San Diego Comic Convention, the organization that runs Comic-Con International (née San Diego Comic-Con), has won its suit against Dan Farr Productions, Inc., the company that runs Salt Lake Comic Con, over the use of the term "Comic Con," according to the San Diego Union Tribune.  The federal district court ruling held that Salt Lake Comic Con infringed on San Diego’s trademark on the term "Comic-Con" and awarded San Diego modest damages of $20,000.

San Diego expressed satisfaction with the verdict.  "From the beginning all that we asked of the defendants was to stop using our Comic-Con trademarks," a statement released to the Union Tribune said.  "Today we obtained a verdict that will allow us to achieve this."

Dan Farr Productions didn’t sound like it was ready to stand down.  "We do not agree with the verdict," the company said in a statement provided to ICv2, vowing to continue to fight on multiple fronts.  In the San Diego trial, there are still post-verdict motions to be filed.  "We will be at least 60 days before the motions from both sides are filed," the Dan Farr Productions statement said.  "With such a balanced ruling, a lot can happen between now and then.  Many lessons were learned and it’s not quite over yet."

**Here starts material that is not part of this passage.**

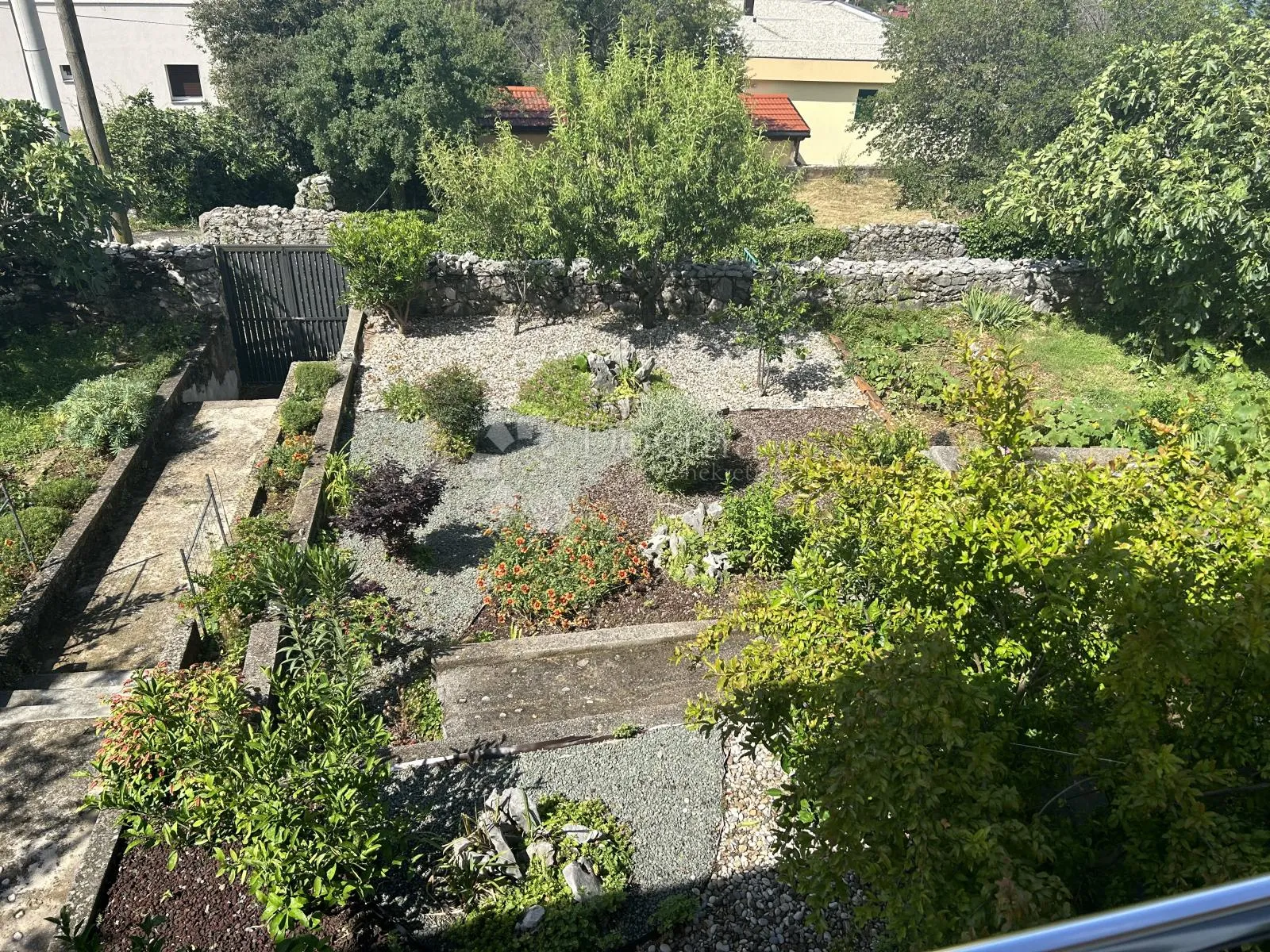 kraljevica kuća sa dva stana - slika 31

The Salt Lake organizers are also continuing to press in the U.S. Patent and Trademark Office, where Dan Farr Productions has filed a Petition to Cancel SDCC’s "comic-con" mark.

The dispute started in 2014, when Dan Farr Productions promoted its new show with an Audi skinned with Salt Lake Comic Con iconography in San Diego during San Diego Comic-Con (see "San Diego Comic-Con Sues Salt Lake Comic Con").  With over three years between the filing of the suit and this verdict, there was plenty of time for a counterclaim, jockeying over discovery and other issues, and a fight over what could be said about the trial (see "Salt Lake Comic Con Appeals, Wins on Gag Order").